TASK REQUIREMENTS
The reply should contain all the data below, repeated exactly, and none of the images.

DATA EXCERPT
== Segment start ==

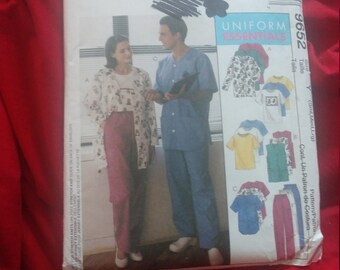 Misses mens unisex stretch knit uniform scrubs size Y SM-MED-LG McCall's 9652 sewing pattern uncut
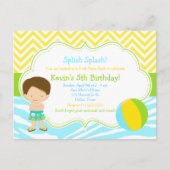 Brünett Boy Pool Party Bash Party Postkarte (Vorderseite)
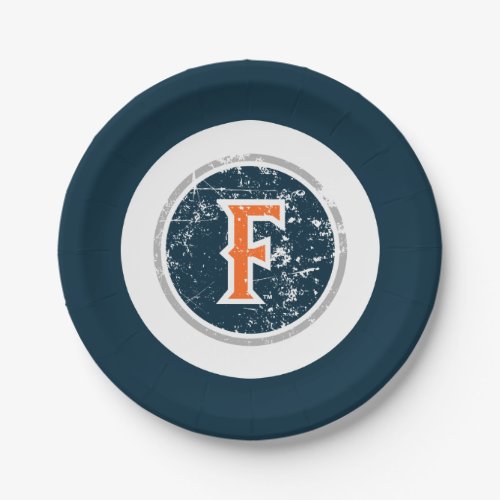 Cal State Fullerton F Distressed Paper Plates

== Segment end ==

REPLY
 Misses mens unisex stretch knit uniform scrubs size Y SM-MED-LG McCall's 9652 sewing pattern uncut
 Brünett Boy Pool Party Bash Party Postkarte (Vorderseite)
 Cal State Fullerton F Distressed Paper Plates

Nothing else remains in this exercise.